Теперь о противоречиях в себе, которые ставят Вас в такое недоумение на мой счет. Не удивляйтесь этим противоречиям во мне: я сам их не понимаю и вот отчего прихожу в отчаяние, что не могу схватить за хвост своего героя. Благодарю Вас за доброе мнение о моих добрых сторонах: принимая столько дурного, беспорядочного, я не отрекусь от некоторых и из них. Я не рисуюсь отжитостью, упадком сил – нет, есть моменты, когда я ничего не чувствую, кроме упадка и бессилия; потом, в редкие минуты теперь, нервы (все нервы, да) поднимутся, и тогда, конечно, высказывается страстная и живая натура во мне. С летами последние минуты становятся реже, а минуты упадка чаще – и я только верно выражаю все, что во мне делается. Если б я был
Я точно упорен, от этого и преследую свои цели постоянно, от этого слабеющей уже рукой пишу и роман, хотя чувствую, что пишу уже не то и не так, как бы нужно, как бы писал прежде. Папа Ваш спорит, говорит, что я и молод, и силы много у меня, и даже хочет уверить, что будто бы творческая способность не увядает. Да если увядает охота к жизни, если холод и апатия вольют свинцу в жилы, то разве фантазия будет так же послушно подавать свою палитру, разве те же краски, та же живость и страсть водит пером? Между прочим, он говорит, что я не увяну никогда, потому что «в самом языке моем есть жизнь, свежесть, образы и искусство» и т. д. Было, да, но без содержания и без страсти – нет ничего.
Но глупо так долго писать о себе. Бросимте этот разговор: надоешь Вам. В воскресенье я послал Вам письмо.
Если б Вы знали, чего мне стоило приготовить Вашего родителя итти купаться! Он начал было кутаться от морского воздуха, морской сырости ветра, но я доказал ему, что этот воздух и ветер благородный воздух и ветер и не простуживают. Наконец мы повели его купать, и он только сел на воду и вообразил, что уж и окунулся и хотел было бежать и ужасно походил на Сашеньку, когда тот кричал на лошади: «Genug»[105]

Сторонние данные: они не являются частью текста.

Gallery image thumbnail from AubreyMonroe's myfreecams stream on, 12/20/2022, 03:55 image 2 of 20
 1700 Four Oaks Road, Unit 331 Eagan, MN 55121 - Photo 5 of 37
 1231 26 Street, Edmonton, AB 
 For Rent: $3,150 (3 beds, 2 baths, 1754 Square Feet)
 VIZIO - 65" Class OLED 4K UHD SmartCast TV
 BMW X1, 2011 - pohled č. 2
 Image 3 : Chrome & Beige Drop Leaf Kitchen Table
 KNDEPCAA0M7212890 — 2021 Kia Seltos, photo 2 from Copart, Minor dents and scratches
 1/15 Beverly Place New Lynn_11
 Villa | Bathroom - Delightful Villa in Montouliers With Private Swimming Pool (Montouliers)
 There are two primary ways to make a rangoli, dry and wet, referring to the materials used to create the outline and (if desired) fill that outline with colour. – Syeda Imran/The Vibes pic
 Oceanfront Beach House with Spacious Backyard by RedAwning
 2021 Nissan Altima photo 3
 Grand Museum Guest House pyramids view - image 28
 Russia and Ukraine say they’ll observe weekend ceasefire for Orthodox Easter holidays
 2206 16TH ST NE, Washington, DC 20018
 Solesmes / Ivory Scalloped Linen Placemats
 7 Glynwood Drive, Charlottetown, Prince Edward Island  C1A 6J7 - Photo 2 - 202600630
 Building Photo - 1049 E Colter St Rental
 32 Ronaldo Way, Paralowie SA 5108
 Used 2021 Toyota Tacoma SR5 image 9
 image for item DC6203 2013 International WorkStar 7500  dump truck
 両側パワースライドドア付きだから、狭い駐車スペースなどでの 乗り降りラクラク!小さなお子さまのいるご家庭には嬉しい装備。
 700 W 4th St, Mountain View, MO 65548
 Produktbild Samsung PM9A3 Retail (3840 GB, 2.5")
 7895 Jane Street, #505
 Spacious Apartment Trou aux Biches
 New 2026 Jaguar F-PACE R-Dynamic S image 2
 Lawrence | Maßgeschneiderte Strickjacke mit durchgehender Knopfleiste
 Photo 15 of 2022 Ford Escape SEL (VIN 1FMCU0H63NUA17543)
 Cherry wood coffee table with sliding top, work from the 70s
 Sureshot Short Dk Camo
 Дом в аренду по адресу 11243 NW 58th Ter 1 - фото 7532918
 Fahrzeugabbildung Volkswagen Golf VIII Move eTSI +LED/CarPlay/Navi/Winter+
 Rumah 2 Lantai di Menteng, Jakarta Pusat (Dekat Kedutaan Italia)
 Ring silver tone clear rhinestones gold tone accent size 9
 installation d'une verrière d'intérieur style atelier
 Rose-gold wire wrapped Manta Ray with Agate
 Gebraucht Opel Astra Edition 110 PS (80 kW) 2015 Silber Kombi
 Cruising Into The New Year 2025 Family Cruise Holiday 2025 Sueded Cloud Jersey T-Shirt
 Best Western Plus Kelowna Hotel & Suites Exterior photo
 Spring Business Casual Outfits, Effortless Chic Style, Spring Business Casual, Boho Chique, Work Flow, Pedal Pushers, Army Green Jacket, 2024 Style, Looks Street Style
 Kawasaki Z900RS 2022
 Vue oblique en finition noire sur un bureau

, но мы с Гротом не пустили его и заставили, наконец, окунуться. Он чувствовал себя отлично и был рад, что выкупался. Вчера мы выкупали опять его, а потом и мамашу. Но худо сделали, что купались после завтрака, а не до завтрака. От этого у всех сделалось волнение, и мы худо спали ночь. Александр Васильевич поговаривал было не купаться сегодня, но был силою отведен мною в будку и выкупан. Завтра надеюсь склонить его выкупаться до завтрака: он там ссылается на какую-то испарину ночью, на ветер и прочие неосновательные причины. Я, ничего не говоря, указываю ему на толпы англичанок и веду на берег. Какой позорный и необстоятельный мужчина!